— PROMPT —
Set down the final stretch of the data, from the line that holds "Abiye Elbise-4053M Nidya" through the last line, both included, with pictures left out.

— INPUT DATA —
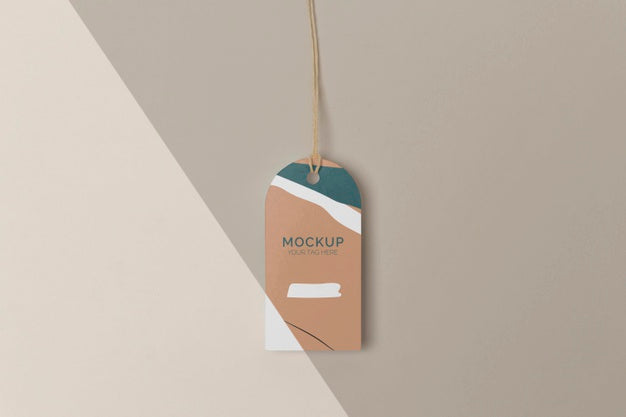 Free Flat Lay Product Tag Mock-Up Psd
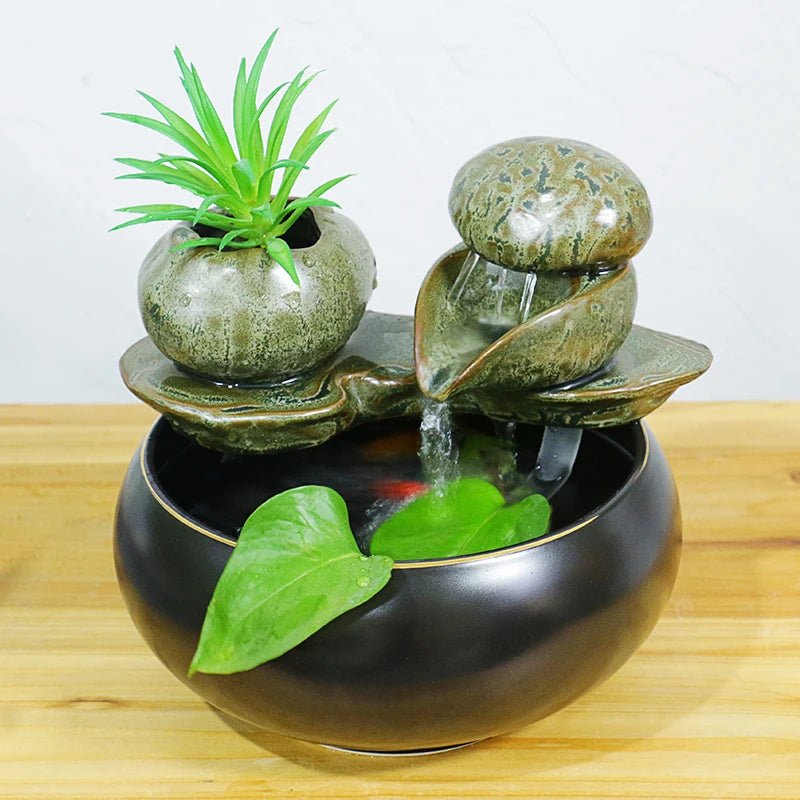 Multifunctional Indoor Water Fountain Mini Fish Tank Flower Pot Tabletop Fountain With Soothing Sound for Office and Home Decor-Health Wisdom™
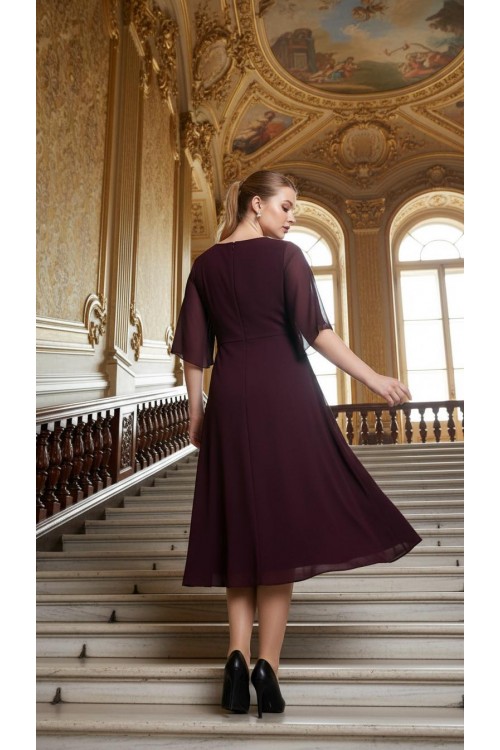 Nidya Moda Büyük Beden Kadın Mürdüm Taşlı Yaka Şifon Kol Sandy Abiye Elbise-4053M Nidya Moda Büyük Beden Kadın Mürdüm Taşlı Yaka Şifon Kol Sandy Abiye Elbise-4053M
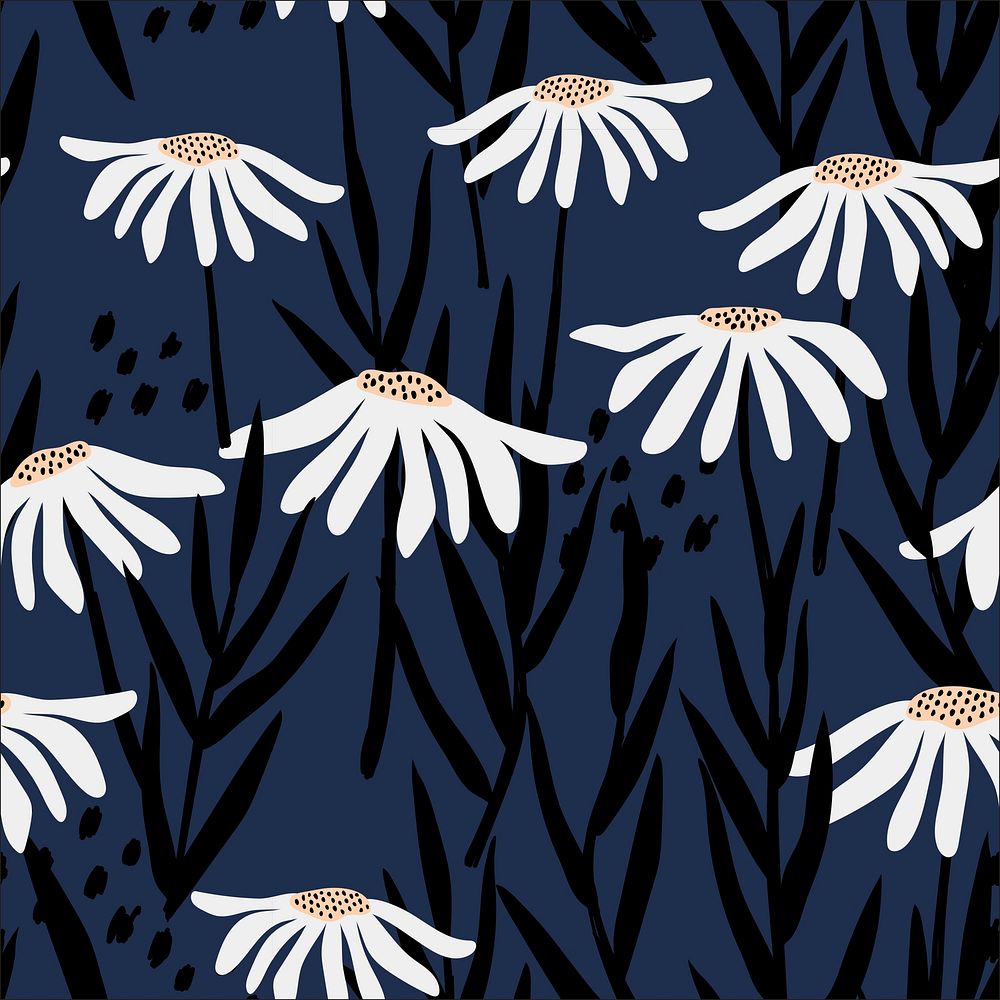 Daisy pattern background, blue aesthetic flower doodle psd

— RESPONSE TO THIS EXERCISE —
 Nidya Moda Büyük Beden Kadın Mürdüm Taşlı Yaka Şifon Kol Sandy Abiye Elbise-4053M Nidya Moda Büyük Beden Kadın Mürdüm Taşlı Yaka Şifon Kol Sandy Abiye Elbise-4053M
 Daisy pattern background, blue aesthetic flower doodle psd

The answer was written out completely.